Since this incident, Penticton Regional Hospital has altered the information pamphlet given to parents regarding circumcision. The form states precisely when a parent should seek medical attention if postoperative bleeding occurs; how often the child should be voiding; and the directions for care for both Plastibell and Gomco procedures. They have also amended their policy to ensure parents are given written information regarding circumcision. PRH also has developed a follow up protocol in which parents are to telephone the pediatric unit after the surgery (at 1700 hours) and discuss their baby's feeding, wet diapers, amount of bleeding and swelling, and present any questions or concerns the parent may have. The information given and advice offered is to be documented.
[Since circumcision is not medially necessary, the question remains unanswered why the hospital - or any - continues to perform it.]
Ryleigh died from multiorgan failure from hypovolemic shock. Shock is a state in which adequate perfusion to sustain the physiologic needs of organ tissues is not present. Blood loss may produce shock or shock-like states. In hemorrhagic shock, blood loss exceeds the body's ability to compensate and provide adequate tissue perfusion and oxygenation. Most frequently, clinical hemorrhagic shock is caused by an acute bleeding episode with a discrete precipitating event, such as trauma or surgery. Without adequate, timely interventions hemorrhagic shock can lead to death.
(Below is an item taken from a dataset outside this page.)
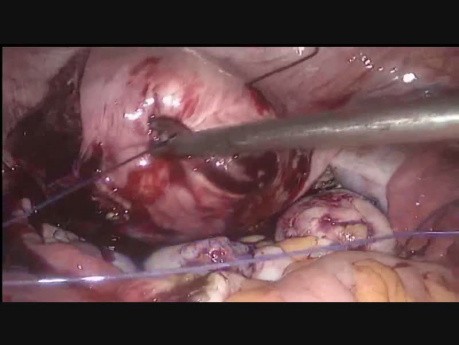 Myomektomie zahlreicher Uterusmyome mit Vicryl-Naht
According to Kolecki and Menckhoff (2001), the patient/s history is vital in determining the possible causes [The patient's history included circumcision: cause determined.] and in directing the care.
Emergency treatment of hemorrhagic shock consists of ensuring the person's airway is open, establishing that the person is breathing, and ascertaining that adequate circulation is provided. Three goals exist as follows: to maximize oxygen delivery by ensuring adequate ventilation, increasing oxygen saturation of the blood, and restoring blood flow; control of further blood loss; and fluid resuscitation. Two large bore IV lines should be started and, when this is accomplished, initial fluid of an isotonic crystalloid, such as lactated Ringer solution or normal saline should be initiated. If vital signs improve, blood should then be sent for cross-matching and typing. If vital sign improvement continues, type-specific blood should be administered. If vital signs do not return to normal, crystalloid infusion should contirliJe and type 0 blood should be given. If the patient is markedly hypotensive, both crystalloid and type 0 blood should be given. Proponents of colloid resuscitation, such as fresh frozen plasma, note that these substances reduce pulmonary edema. There has been some evidence that a combination of Dextran (glucose used as a volume expander) and hypertonic saline may improve cardiac contractility and circulation. Kolecki and Menckhoff (2001) also note "a common error in the management of hypovolemic shock is failure to recognize it early".